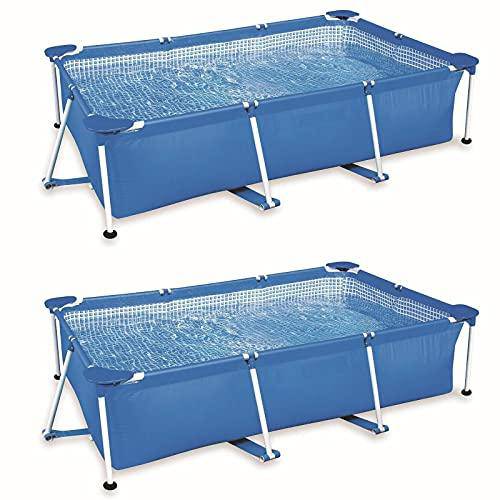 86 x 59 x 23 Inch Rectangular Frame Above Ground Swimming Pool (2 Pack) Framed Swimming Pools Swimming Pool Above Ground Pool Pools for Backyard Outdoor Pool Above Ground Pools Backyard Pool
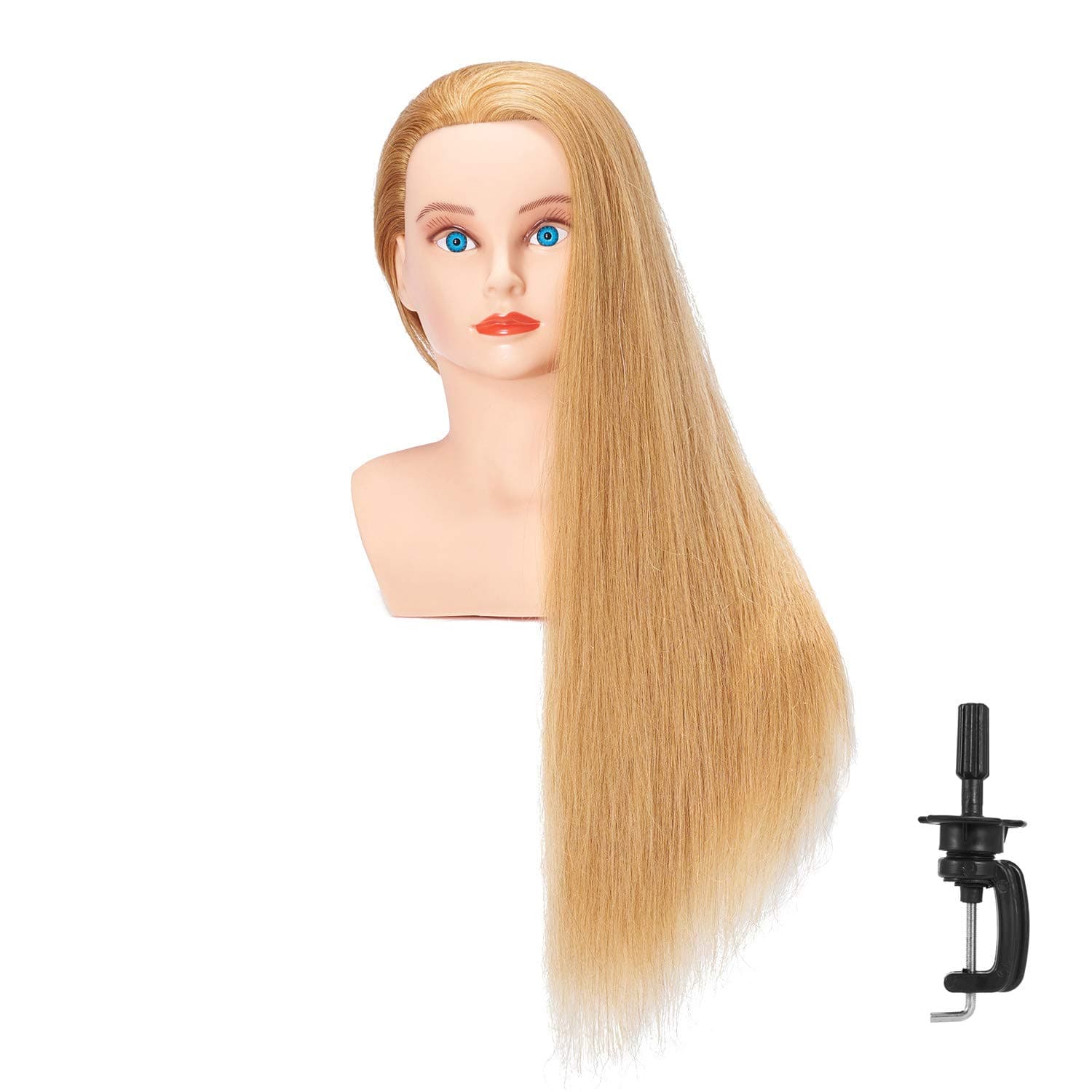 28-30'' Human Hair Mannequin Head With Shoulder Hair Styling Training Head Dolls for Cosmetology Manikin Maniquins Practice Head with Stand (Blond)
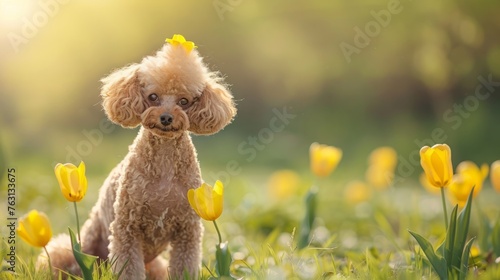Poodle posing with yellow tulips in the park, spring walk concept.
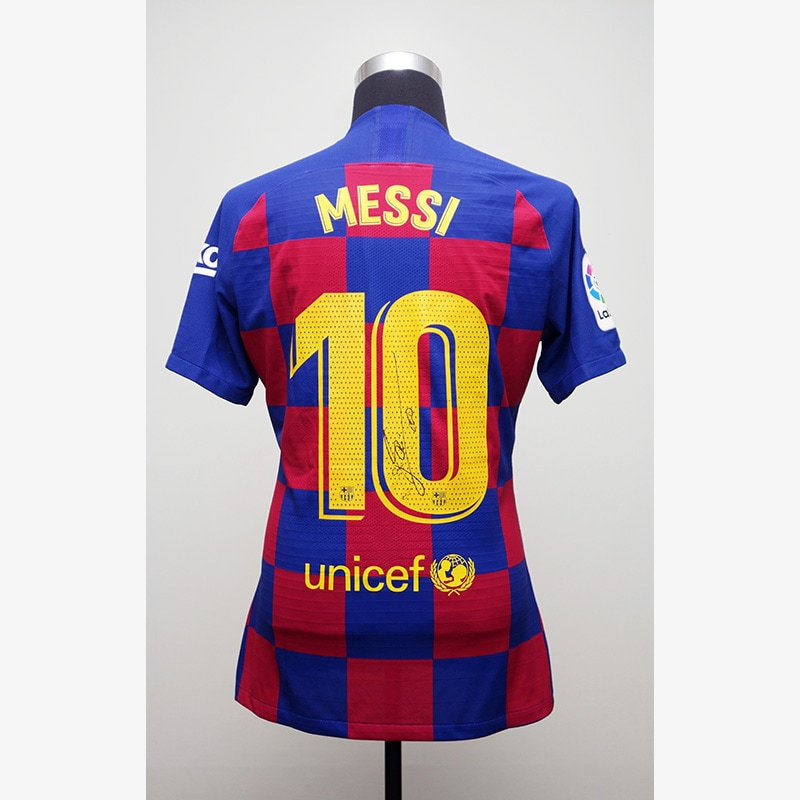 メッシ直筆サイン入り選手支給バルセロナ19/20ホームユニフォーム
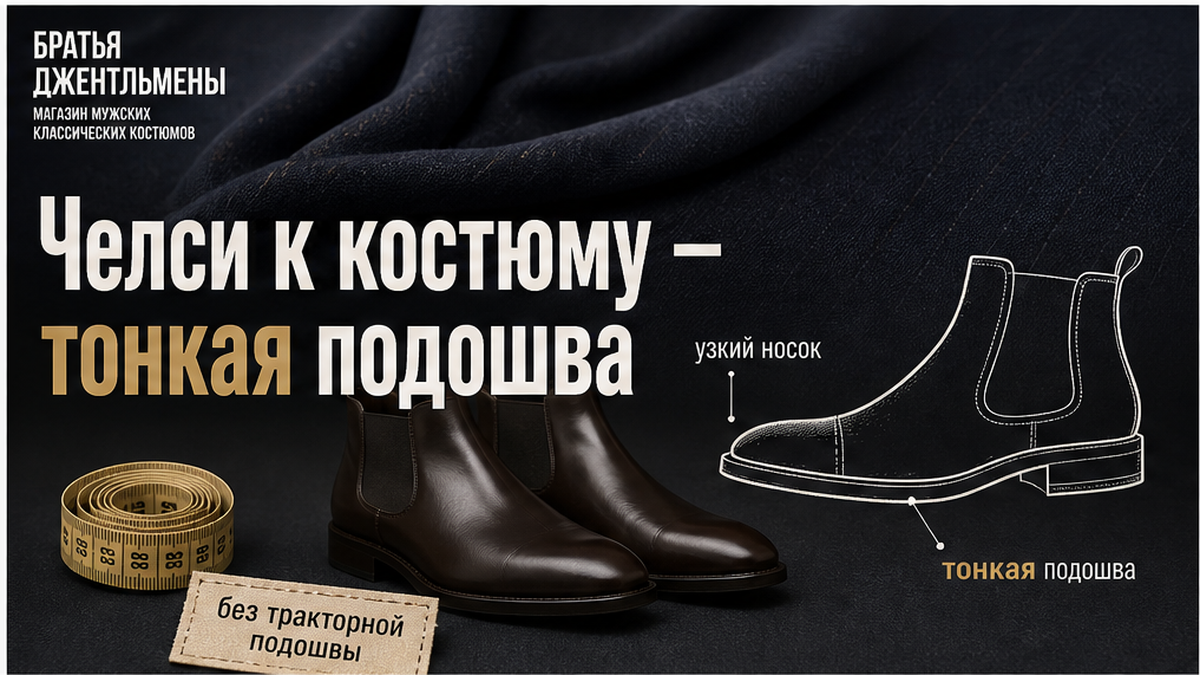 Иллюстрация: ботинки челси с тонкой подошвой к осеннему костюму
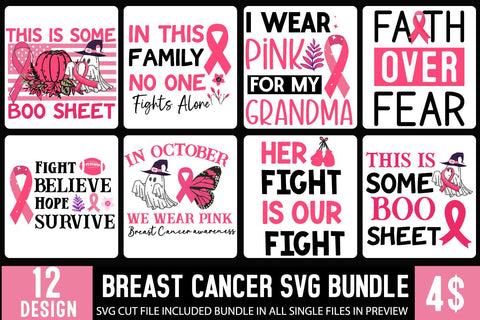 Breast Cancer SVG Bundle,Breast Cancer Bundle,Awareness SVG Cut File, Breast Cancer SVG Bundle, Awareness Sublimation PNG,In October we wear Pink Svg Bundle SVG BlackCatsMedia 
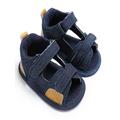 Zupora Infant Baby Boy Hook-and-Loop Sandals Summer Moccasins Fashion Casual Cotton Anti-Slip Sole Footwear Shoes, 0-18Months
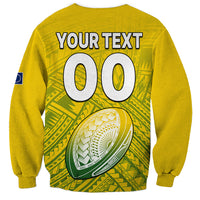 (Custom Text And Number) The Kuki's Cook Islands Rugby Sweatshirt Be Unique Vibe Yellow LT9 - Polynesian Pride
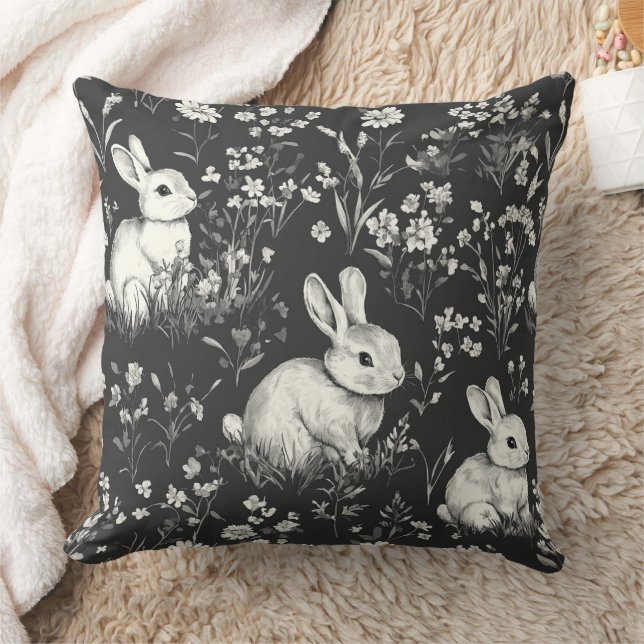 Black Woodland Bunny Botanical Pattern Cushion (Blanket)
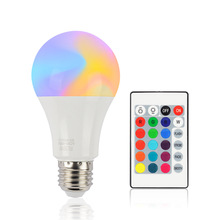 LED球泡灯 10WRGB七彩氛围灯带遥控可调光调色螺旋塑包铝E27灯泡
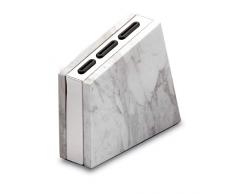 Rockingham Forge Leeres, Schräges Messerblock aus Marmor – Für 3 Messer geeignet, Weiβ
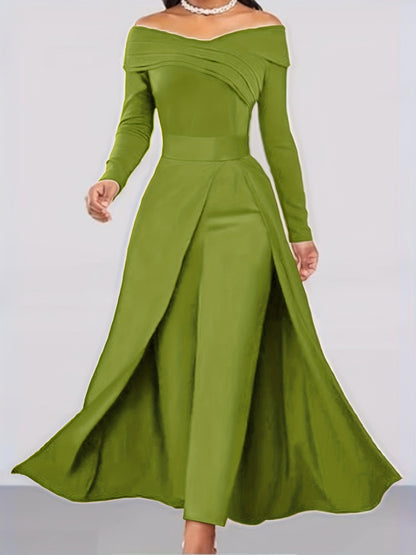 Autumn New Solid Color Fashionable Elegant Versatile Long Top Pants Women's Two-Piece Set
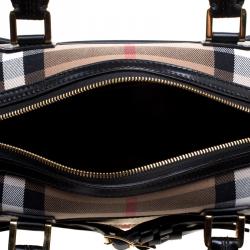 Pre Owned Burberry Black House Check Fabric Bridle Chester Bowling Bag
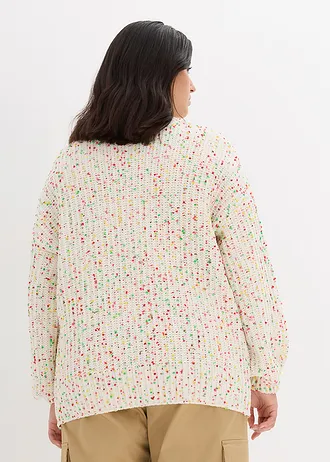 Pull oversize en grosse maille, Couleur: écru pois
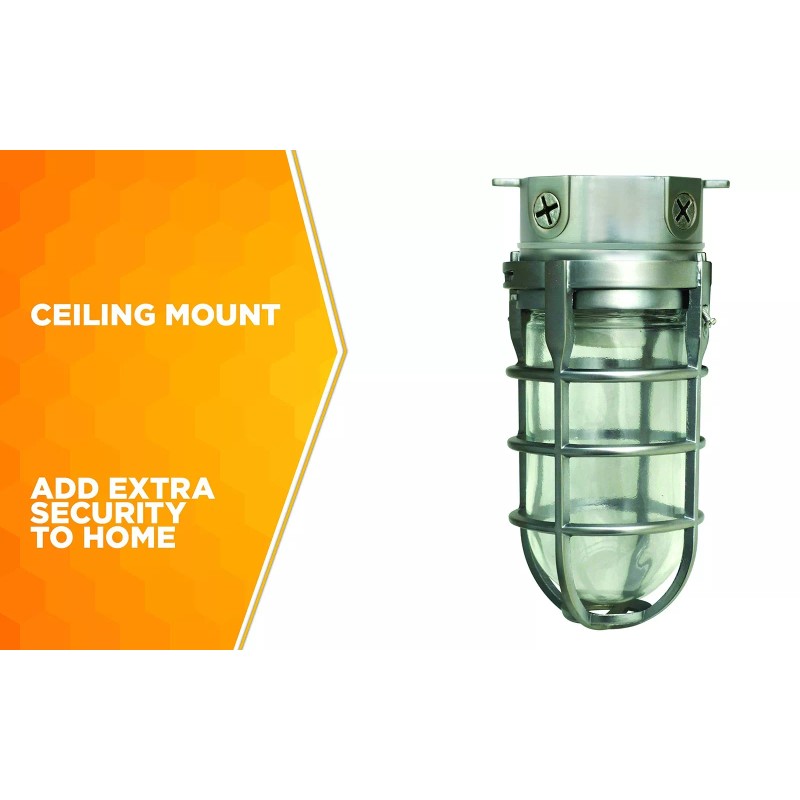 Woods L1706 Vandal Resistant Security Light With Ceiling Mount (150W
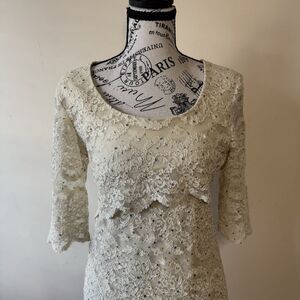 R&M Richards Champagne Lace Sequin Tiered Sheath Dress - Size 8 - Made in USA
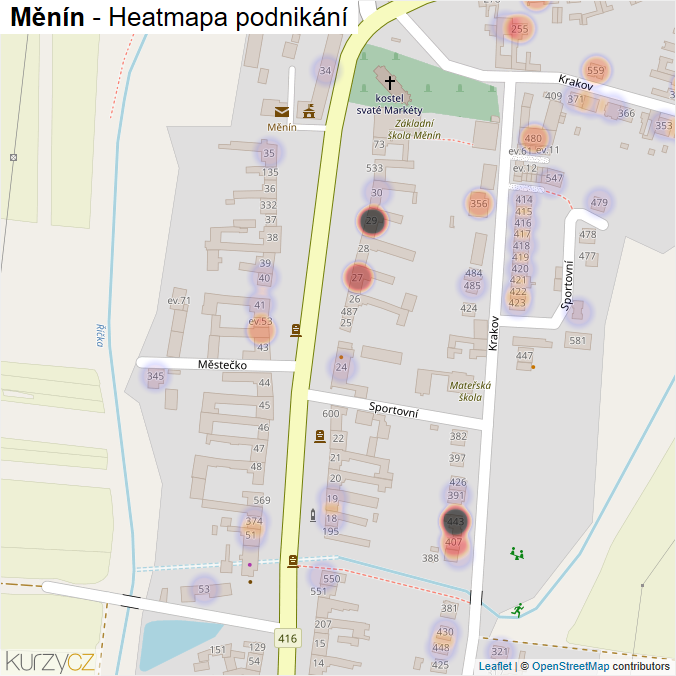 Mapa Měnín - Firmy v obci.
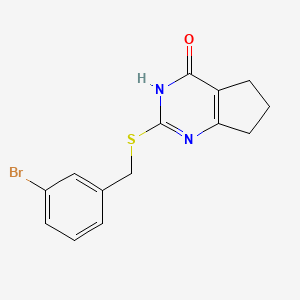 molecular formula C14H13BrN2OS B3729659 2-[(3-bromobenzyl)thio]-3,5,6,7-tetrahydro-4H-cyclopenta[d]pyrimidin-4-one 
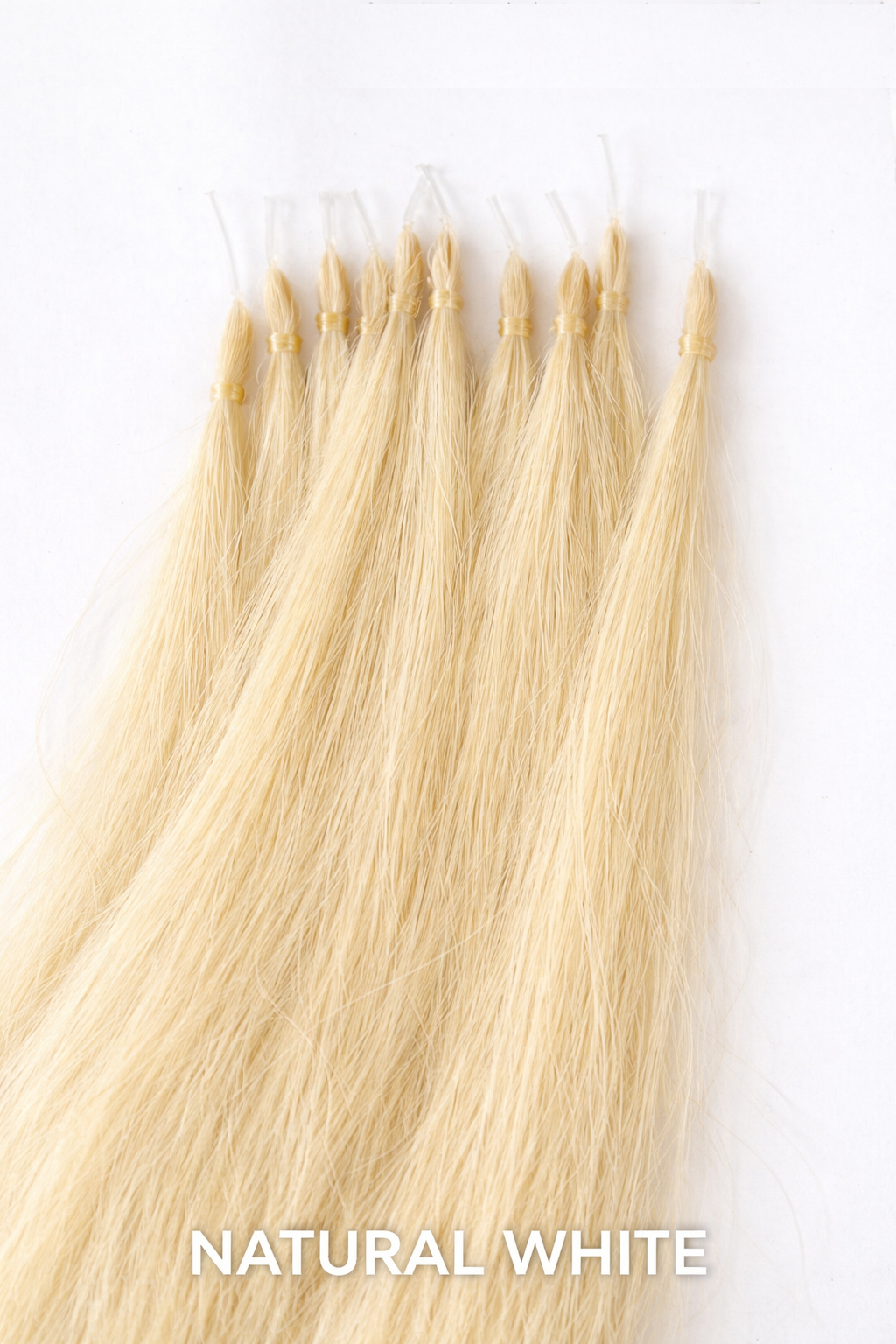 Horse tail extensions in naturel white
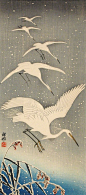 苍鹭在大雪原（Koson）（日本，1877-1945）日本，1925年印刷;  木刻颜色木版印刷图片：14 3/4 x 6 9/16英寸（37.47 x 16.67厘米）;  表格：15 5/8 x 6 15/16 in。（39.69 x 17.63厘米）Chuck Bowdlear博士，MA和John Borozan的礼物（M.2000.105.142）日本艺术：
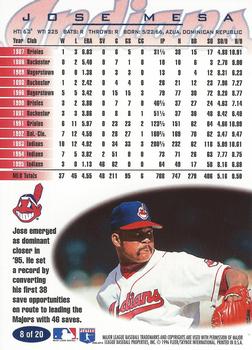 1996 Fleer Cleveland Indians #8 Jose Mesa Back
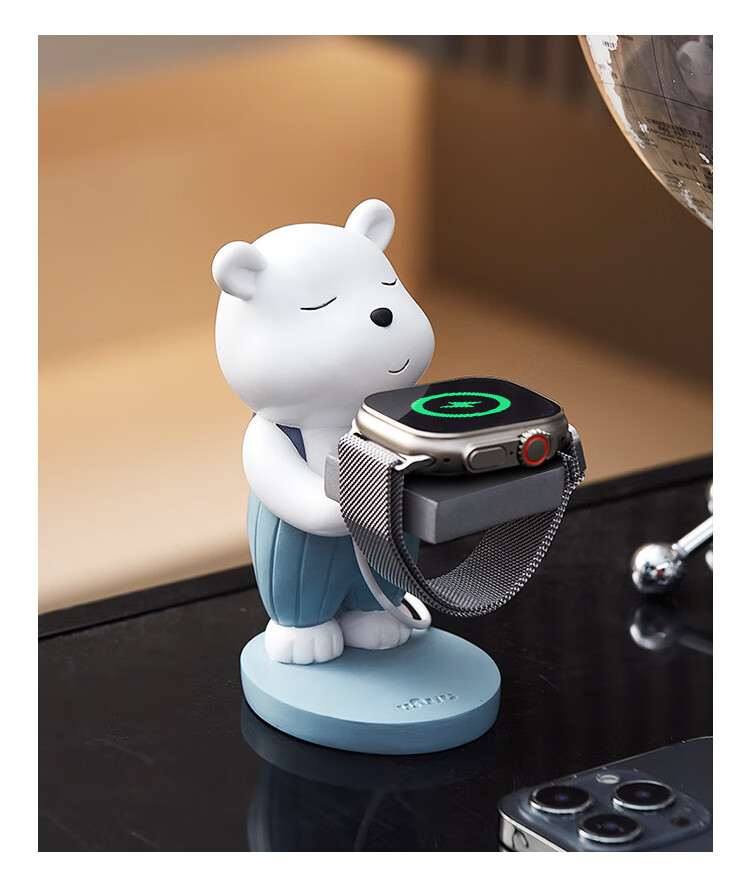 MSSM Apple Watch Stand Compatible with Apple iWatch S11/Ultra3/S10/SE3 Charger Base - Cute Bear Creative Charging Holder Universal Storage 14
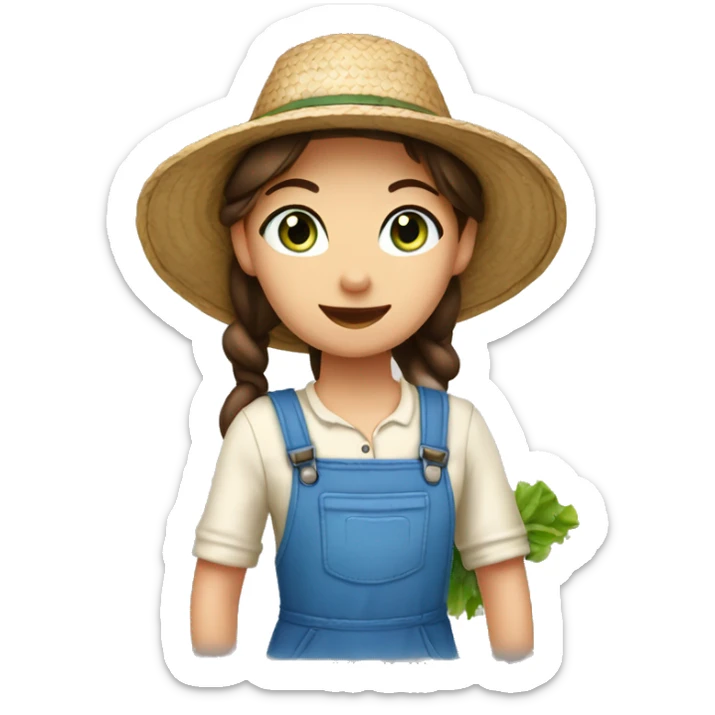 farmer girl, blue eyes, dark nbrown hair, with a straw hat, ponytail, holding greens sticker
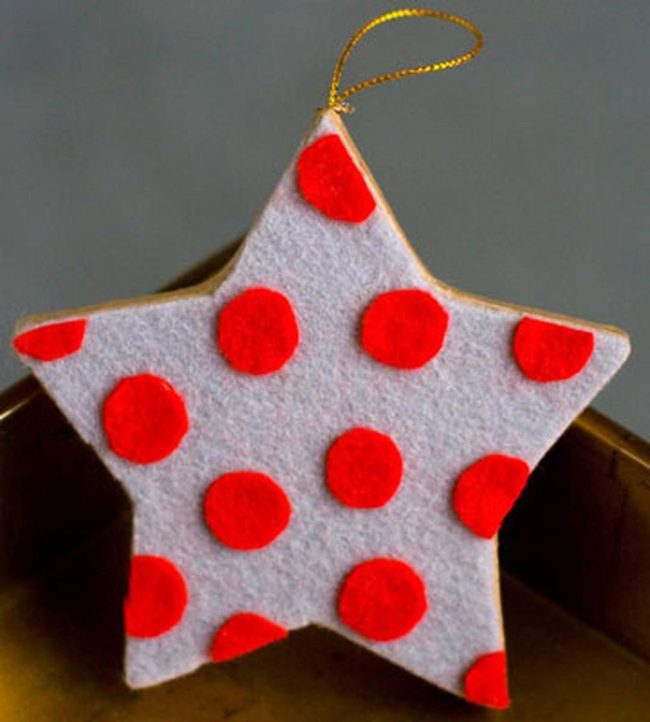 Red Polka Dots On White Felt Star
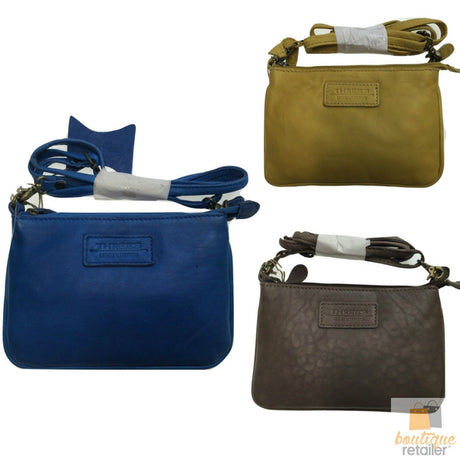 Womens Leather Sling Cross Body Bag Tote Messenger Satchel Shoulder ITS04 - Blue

WHAT IS REQUIRED: Write out all the records again, exactly, minus any pictures.

FINISHED TASK:
 86 x 59 x 23 Inch Rectangular Frame Above Ground Swimming Pool (2 Pack) Framed Swimming Pools Swimming Pool Above Ground Pool Pools for Backyard Outdoor Pool Above Ground Pools Backyard Pool
 28-30'' Human Hair Mannequin Head With Shoulder Hair Styling Training Head Dolls for Cosmetology Manikin Maniquins Practice Head with Stand (Blond)
Poodle posing with yellow tulips in the park, spring walk concept.
 メッシ直筆サイン入り選手支給バルセロナ19/20ホームユニフォーム
 Иллюстрация: ботинки челси с тонкой подошвой к осеннему костюму
 Breast Cancer SVG Bundle,Breast Cancer Bundle,Awareness SVG Cut File, Breast Cancer SVG Bundle, Awareness Sublimation PNG,In October we wear Pink Svg Bundle SVG BlackCatsMedia 
 Zupora Infant Baby Boy Hook-and-Loop Sandals Summer Moccasins Fashion Casual Cotton Anti-Slip Sole Footwear Shoes, 0-18Months
 (Custom Text And Number) The Kuki's Cook Islands Rugby Sweatshirt Be Unique Vibe Yellow LT9 - Polynesian Pride
 Black Woodland Bunny Botanical Pattern Cushion (Blanket)
 LED球泡灯 10WRGB七彩氛围灯带遥控可调光调色螺旋塑包铝E27灯泡
 Rockingham Forge Leeres, Schräges Messerblock aus Marmor – Für 3 Messer geeignet, Weiβ
 Autumn New Solid Color Fashionable Elegant Versatile Long Top Pants Women's Two-Piece Set
 Pre Owned Burberry Black House Check Fabric Bridle Chester Bowling Bag
 Pull oversize en grosse maille, Couleur: écru pois
 Woods L1706 Vandal Resistant Security Light With Ceiling Mount (150W
 R&M Richards Champagne Lace Sequin Tiered Sheath Dress - Size 8 - Made in USA
 Mapa Měnín - Firmy v obci.
 molecular formula C14H13BrN2OS B3729659 2-[(3-bromobenzyl)thio]-3,5,6,7-tetrahydro-4H-cyclopenta[d]pyrimidin-4-one 
 Horse tail extensions in naturel white
 苍鹭在大雪原（Koson）（日本，1877-1945）日本，1925年印刷;  木刻颜色木版印刷图片：14 3/4 x 6 9/16英寸（37.47 x 16.67厘米）;  表格：15 5/8 x 6 15/16 in。（39.69 x 17.63厘米）Chuck Bowdlear博士，MA和John Borozan的礼物（M.2000.105.142）日本艺术：
 1996 Fleer Cleveland Indians #8 Jose Mesa Back
 MSSM Apple Watch Stand Compatible with Apple iWatch S11/Ultra3/S10/SE3 Charger Base - Cute Bear Creative Charging Holder Universal Storage 14
 farmer girl, blue eyes, dark nbrown hair, with a straw hat, ponytail, holding greens sticker
 Red Polka Dots On White Felt Star
 Womens Leather Sling Cross Body Bag Tote Messenger Satchel Shoulder ITS04 - Blue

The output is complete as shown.